The CBC cameras cut back to Brazil, to Ron MacLean and a minuscule listening party with two handfuls of Olympians. I was instantly irritated. No offence to the Olympians, but at this point I didn’t give a $hit about Olympians. All I cared about was Canada and how Canada was celebrating.
I understood that the CBC was trying to create a segue and I love Ron, but I wanted to see someone (Cough! George Stroumboulopoulos! Cough!) who could relate to this event and NOT put a sports angle to it. It’s not about sports, it’s about music. It’s not about Brazil and Olympians, it’s about Canada. Luckily, that segment was short-lived.
Cut to backstage where The Hip were getting ready for their final (?) show. Gord hugged everyone and kissed them on the lips.
I remember being struck by the intimacy of this at their Winnipeg show. The fact that in the end it’s only love that matters. And here were these men, these brothers, completely unafraid to show love to each other. Because if not now, when? The answer is now; all the time. Every chance you can get. The sincerity and purity of it was truly beautiful.
They started the show with Fifty-Mission Cap. I’m not sure if I’ve ever watched a concert with my heart so exposed. It was like someone had pulled apart my ribs. My heart beating slowly…heavily, like it was covered in Hudson Bay blankets. And that’s the way it remained for the entire show; weighed down and completely open.
I put my notebook down and stopped writing. I sat there with my exposed heart, soaking everything in. I saw Rob Baker cementing the moment in his memory during Courage, I watched the crowd happily fill in lyrics and cheer for the CBC.
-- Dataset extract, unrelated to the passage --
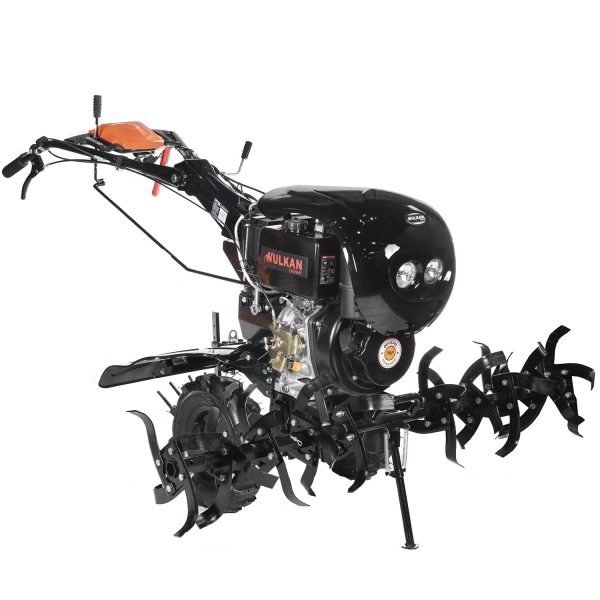 Motocultivador Diesel 9 HP WULKAN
I felt grateful that so many people were able to witness this event. I heard the shout outs to Trudeau and watched the crowd pass the huge Canadian flag around the arena.
A couple of times I almost clapped after the song ended because I was there. I was right there. I cried every time they cut to a woman in the audience who was also crying. The brunette in red, the blonde in black, we were all feeling the same things.
I’m not sure I’ll ever get the image of Gord crying and screaming at the end of Grace, Too out of my mind. It was both heart-wrenching and riveting at the same time.
I thought I had worked through this and I said my goodbyes, but I guess I was wrong. Because “I think this one thing is always supposed to stay, this one thing doesn’t have to go away”.
I don’t want it to go away.
And now I’m crying again.
Good night.
P.S. I hope the CBC releases this concert on DVD. I feel like I need to hold it in my hands.